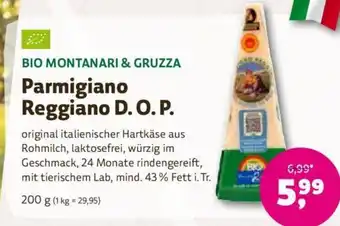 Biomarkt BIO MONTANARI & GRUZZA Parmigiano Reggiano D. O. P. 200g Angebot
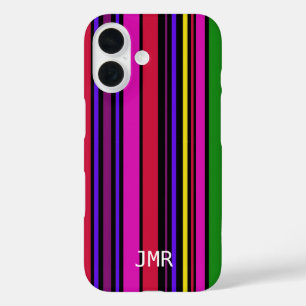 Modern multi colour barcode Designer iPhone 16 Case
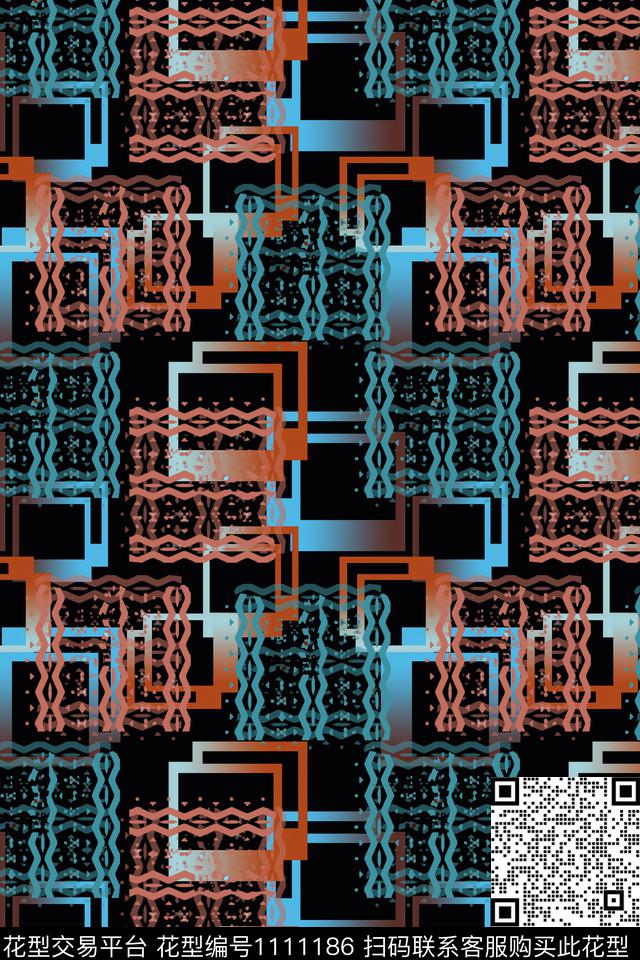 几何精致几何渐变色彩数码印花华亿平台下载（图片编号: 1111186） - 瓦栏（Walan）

Work to be completed -
Produce a verbatim transcription of every line in the listing, images omitted.

Expected answer -
 Biomarkt BIO MONTANARI & GRUZZA Parmigiano Reggiano D. O. P. 200g Angebot
 Modern multi colour barcode Designer iPhone 16 Case
 几何精致几何渐变色彩数码印花华亿平台下载（图片编号: 1111186） - 瓦栏（Walan）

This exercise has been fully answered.